Dobbiamo chiederci: oltre al Management, di chi altri è
la responsabilità per le lacune, insufficienze e quant’altro
palesate nella sfilza dei controlli? E’ mai possibile
che nessuno ha capito che i cc.dd. “Bilanci consolidati
di Gruppo” erano costruiti con lo scanner di comunissimi
Computers?
Un prima risposta, a mio avviso “onesta ed illuminante”,
la si può ricavare dal passaggio testuale contenuto
nella Relazione di rito per l’anno 2003, letta nelle
Aule Parlamentari dal Presidente della Commissione Nazionale
per le Società e la Borsa (CONSOB), ove fra l’altro
è detto:
“”I potenziali conflitti tra i diversi interessi
possono portare gli intermediari a incentivare collocamenti
obbligazionari da parte di società o gruppi nei confronti
dei quali non ritengono di incrementare la propria esposizione.””

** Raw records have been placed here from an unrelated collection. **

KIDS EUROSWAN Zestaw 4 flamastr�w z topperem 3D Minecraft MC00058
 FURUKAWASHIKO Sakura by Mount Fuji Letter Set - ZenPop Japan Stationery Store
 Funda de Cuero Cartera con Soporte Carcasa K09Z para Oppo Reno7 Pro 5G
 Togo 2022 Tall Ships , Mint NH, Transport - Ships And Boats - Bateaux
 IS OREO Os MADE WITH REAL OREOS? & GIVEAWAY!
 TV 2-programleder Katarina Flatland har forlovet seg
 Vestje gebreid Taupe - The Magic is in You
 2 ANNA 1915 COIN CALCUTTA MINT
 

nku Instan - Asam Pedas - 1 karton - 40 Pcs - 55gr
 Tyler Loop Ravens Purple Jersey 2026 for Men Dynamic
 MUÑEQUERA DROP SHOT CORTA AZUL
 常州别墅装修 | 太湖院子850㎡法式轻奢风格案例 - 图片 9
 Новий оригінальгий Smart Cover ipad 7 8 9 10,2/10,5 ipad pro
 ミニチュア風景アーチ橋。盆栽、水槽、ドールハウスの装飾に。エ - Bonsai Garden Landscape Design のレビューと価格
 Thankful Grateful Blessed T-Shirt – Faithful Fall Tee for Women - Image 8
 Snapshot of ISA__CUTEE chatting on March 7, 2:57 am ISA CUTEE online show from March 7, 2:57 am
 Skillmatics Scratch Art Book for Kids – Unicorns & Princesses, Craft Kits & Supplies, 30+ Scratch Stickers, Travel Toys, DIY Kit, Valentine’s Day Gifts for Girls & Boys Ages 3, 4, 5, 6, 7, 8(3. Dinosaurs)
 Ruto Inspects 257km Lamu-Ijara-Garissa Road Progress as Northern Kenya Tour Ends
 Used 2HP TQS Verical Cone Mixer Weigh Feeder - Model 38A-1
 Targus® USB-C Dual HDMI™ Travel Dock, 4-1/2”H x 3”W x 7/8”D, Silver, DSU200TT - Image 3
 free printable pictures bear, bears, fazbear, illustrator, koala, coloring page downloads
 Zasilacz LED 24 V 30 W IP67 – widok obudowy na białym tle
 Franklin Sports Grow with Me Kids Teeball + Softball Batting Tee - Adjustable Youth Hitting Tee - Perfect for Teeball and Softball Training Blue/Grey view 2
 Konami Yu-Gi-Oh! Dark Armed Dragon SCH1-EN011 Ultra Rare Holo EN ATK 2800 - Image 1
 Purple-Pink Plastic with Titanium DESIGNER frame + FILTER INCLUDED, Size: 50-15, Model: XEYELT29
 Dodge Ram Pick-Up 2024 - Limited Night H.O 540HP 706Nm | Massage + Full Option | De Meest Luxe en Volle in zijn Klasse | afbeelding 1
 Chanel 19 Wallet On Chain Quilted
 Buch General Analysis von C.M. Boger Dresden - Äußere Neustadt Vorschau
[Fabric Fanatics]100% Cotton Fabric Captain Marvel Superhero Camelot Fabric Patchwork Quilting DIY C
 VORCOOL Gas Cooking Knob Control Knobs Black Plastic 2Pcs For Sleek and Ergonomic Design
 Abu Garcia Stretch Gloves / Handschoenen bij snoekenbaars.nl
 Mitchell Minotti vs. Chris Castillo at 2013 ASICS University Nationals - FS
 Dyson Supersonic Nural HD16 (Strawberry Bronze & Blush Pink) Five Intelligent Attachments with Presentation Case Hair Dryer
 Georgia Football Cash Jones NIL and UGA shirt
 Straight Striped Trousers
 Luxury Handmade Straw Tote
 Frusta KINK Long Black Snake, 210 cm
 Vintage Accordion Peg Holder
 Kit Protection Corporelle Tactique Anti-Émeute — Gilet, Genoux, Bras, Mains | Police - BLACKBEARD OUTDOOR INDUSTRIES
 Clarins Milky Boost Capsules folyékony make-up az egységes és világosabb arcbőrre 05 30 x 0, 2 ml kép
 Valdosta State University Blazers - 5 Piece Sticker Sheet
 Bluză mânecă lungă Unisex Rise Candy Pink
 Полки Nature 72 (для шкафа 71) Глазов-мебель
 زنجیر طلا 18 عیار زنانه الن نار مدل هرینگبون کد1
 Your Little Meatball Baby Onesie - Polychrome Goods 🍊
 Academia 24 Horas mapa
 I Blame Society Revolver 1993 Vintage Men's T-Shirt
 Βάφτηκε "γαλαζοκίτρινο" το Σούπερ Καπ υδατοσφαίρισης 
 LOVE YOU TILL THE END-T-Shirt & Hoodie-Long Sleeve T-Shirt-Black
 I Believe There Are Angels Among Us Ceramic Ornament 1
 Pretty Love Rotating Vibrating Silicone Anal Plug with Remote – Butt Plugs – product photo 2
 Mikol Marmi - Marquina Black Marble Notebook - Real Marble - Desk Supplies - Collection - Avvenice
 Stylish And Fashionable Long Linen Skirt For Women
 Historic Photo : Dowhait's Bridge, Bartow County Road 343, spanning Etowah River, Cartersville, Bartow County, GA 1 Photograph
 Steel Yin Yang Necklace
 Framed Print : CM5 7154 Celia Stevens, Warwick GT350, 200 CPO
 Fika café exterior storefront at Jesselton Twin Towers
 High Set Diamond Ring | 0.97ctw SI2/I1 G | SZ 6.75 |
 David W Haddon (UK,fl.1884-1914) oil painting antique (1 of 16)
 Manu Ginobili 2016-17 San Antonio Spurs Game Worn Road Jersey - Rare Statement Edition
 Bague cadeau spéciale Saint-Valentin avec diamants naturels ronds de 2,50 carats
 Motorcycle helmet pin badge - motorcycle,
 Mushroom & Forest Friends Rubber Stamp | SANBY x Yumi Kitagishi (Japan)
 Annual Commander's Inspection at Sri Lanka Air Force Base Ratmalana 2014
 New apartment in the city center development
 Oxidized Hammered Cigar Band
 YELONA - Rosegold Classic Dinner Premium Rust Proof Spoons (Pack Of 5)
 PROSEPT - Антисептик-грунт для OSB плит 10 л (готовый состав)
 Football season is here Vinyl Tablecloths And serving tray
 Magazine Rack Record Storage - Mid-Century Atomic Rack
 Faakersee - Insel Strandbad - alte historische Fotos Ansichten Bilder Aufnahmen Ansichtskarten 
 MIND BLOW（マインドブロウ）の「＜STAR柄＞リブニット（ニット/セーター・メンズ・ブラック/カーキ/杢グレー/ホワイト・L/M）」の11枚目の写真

Alla luce dei disastri finanziari vissuti, possiamo dire
subito e, forse con maggiore precisione, che:
• Il conflitto di interessi nel mondo bancario, non
è stato solo potenziale, bensì concreto e permanente;
• Il collocamento delle obbligazioni emesse sul mercato
mobiliare dalla Cirio, Parmalat, Giacomelli etc., non è
stato solo incentivato, ma anche promosso e sponsorizzato
nei confronti ed in danno dei piccoli risparmiatori, in genere
clienti delle stesse Banche; d’altronde, le medesime
obbligazioni, per le stesse ragioni scoperte successivamente,
non avrebbero certamente potuto trovare investitori istituzionali,
nazionali o esteri, in modo particolare nelle grandi Banche
d’affari;
• Le Banche, scegliendo il “prestito obbligazionario”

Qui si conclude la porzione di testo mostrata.